→ TASK DETAILS
The listing below should be printed exactly, though its pictures must not be.

→ RECORDS TO USE
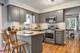 20203 E Lismore, Frankfort, IL 60423
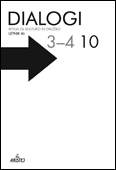 Dialogi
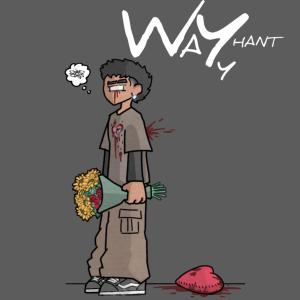 Wayy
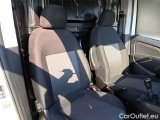 Fiat  Doblo FIAT DOBLÒ CARGO / 2014 / 4P / VETT. FURGONATA CH1 LOUNGE 1.3 MJET 95CV E6D SeS #13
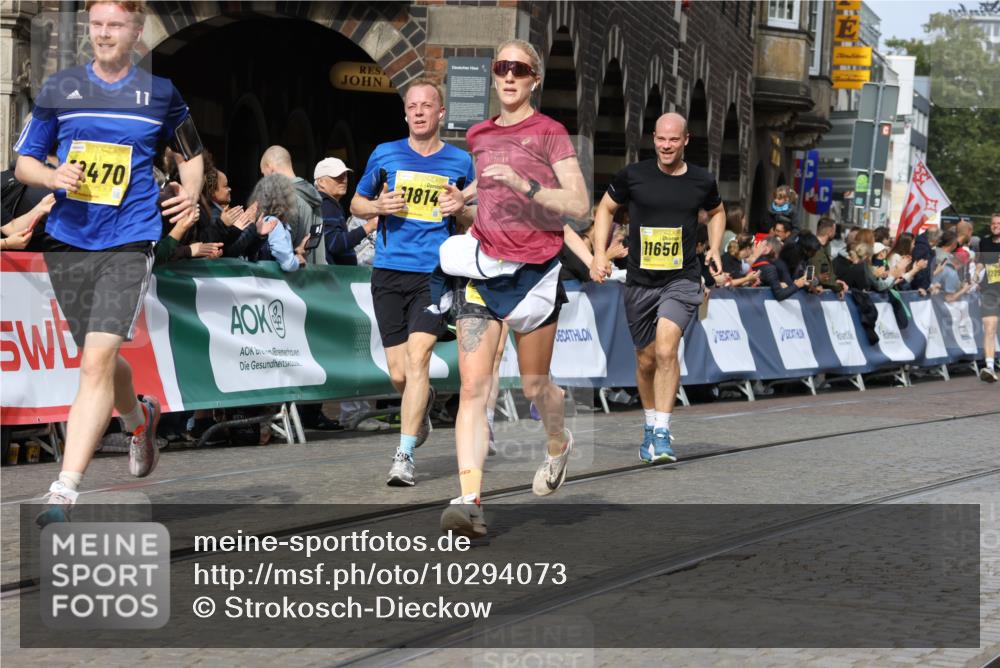 13.09.2026 - 21. swb-Marathon Bremen Strokosch-Dieckow http://msf.ph/oto/10294073 13.09.2026 10:47:19 Ziel 10289, 10445, 10504, 10744, 11060, 11199, 11212, 11344, 11608, 11661, 11783, 12364, 12375, 12415, 12470, 13613, 10189, 10223, 10270, 10310, 10807, 10873, 10898, 11269, 11469, 11646, 12195, 12296, 12318, 13521 meine-sportfotos.de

→ SOLUTION TO THIS PROBLEM
 20203 E Lismore, Frankfort, IL 60423
 Dialogi
 Wayy
 Fiat  Doblo FIAT DOBLÒ CARGO / 2014 / 4P / VETT. FURGONATA CH1 LOUNGE 1.3 MJET 95CV E6D SeS #13
 13.09.2026 - 21. swb-Marathon Bremen Strokosch-Dieckow http://msf.ph/oto/10294073 13.09.2026 10:47:19 Ziel 10289, 10445, 10504, 10744, 11060, 11199, 11212, 11344, 11608, 11661, 11783, 12364, 12375, 12415, 12470, 13613, 10189, 10223, 10270, 10310, 10807, 10873, 10898, 11269, 11469, 11646, 12195, 12296, 12318, 13521 meine-sportfotos.de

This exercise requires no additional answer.